Our great industry is great because of the many talented individuals it has and how generous they are with their gifts.
We lost one of those great ones on October 28. On that day, my friend Richard Grey passed away after a long illness. Many of you may recognize that name. Dick had worked for several companies in the industry: Federal Paper Board, Bobst, Enkel, Stevens International, Hycorr, and Langston. Upon leaving the industry, Dick purchased and grew a successful manufacturing company in western North Carolina.
I know for a fact that Dick Grey touched many lives. Dick was my first mentor and my most treasured. Working closely with him led me to become nonformulaic, agile with my expectations, fearless, trusting in others, and to have fun in everything.
Two weeks after graduating from college, as a newly hired sales administrator at what was then Bobst Inc. in Roseland, New Jersey, I began to work with Dick preparing proposals, writing contracts, and providing excellent customer service. I learned the business of rotogravure printing from Dick. Because “there’s nothing to learn in the office,” I traveled with Dick to exotic locations such as St. Albans, Vermont; Warsaw, Indiana; Clinton, South Carolina; Rogersville, Tennessee; Murphysboro, Illinois; Brownwood, Texas; and many places in between. I spent time in printing plants, met with company owners and press operators, and watched an excellent salesman ply his craft.

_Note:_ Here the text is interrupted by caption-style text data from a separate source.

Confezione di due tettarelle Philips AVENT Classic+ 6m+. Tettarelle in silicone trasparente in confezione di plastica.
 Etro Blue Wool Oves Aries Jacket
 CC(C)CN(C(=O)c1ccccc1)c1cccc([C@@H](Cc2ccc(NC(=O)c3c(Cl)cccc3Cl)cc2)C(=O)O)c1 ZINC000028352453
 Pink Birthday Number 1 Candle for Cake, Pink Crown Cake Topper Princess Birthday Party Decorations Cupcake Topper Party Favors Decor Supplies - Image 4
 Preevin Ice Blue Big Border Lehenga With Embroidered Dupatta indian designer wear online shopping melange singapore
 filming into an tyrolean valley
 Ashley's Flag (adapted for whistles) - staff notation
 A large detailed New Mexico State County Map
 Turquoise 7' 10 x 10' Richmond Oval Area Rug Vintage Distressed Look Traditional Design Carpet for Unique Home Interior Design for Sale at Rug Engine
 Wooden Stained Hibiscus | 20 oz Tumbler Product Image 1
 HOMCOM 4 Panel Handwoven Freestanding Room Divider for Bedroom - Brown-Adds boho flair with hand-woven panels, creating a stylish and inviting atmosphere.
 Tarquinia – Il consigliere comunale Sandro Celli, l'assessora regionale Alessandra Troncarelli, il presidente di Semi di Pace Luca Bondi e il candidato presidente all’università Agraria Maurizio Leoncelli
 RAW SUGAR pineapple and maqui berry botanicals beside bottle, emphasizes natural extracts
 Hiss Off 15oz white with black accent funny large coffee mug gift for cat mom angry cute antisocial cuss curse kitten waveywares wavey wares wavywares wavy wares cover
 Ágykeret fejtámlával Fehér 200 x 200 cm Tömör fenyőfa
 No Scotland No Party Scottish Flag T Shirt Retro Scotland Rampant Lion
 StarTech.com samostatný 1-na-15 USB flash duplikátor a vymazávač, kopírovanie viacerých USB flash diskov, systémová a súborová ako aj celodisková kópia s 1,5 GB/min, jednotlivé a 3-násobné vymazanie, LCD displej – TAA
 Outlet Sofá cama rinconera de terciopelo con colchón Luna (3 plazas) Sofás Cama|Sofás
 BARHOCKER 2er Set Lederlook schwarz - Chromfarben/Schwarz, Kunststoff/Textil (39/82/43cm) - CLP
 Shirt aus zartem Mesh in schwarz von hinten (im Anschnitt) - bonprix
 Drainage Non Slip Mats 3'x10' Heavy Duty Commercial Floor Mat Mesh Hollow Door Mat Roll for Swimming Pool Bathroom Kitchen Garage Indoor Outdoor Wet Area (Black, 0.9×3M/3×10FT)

One day, Dick came into my office and asked me to follow him. We went to the office of the president of Bobst. “Mike is wasting his time as a sales administrator. Let’s give him a sales territory. He’s ready,” Dick said. The reply: “Bobst has never had a salesman that young.”
At the age of 24, I was on my way. There was no formal training program. Sitting in the office with Dick, occasionally traveling together (after ceding some of the country to me, Dick had his own territory to cover). Industry association meetings and trade shows. On-the-job training. Building a network of lifelong friends and growing responsibilities as Bobst added products and markets.
At the time, I didn’t know that Dick was mentoring me. I didn’t know what mentoring was. But looking back, it was amazing, because I was learning from a friend and respected colleague. Steven Spielberg has said of mentoring, “The delicate balance of mentoring someone is not creating them in your image but giving them the opportunity to create themselves.”
I got married to the wonderful Susan, and we built our first home in the town where Dick lived. He was the fire chief of the volunteer department in town. He and the department would come down and practice in our home as it was being framed and built. I started calling him “Chief,” although I never did accept his many invitations to join the department. Great pancake breakfast fundraisers!
Dick shared his style and expertise with many colleagues, several of whom, like me, remain active in the industry. Many are AICC Associate members. All of us appreciate experiences, and we place the customer (or the member) at the center of what we do.
If you are actively mentoring someone, thank you for sharing of yourself. It really does make a difference. If you are passively mentoring someone by creating opportunities for them and involving them, thank you for having a vision for others.
Benjamin Franklin is credited with writing, “Tell me, and I forget. Teach me, and I remember. Involve me, and I learn.”
There is probably no better example of this than AICC members and AICC itself. Mentoring, sharing, experiencing. It is all about involvement.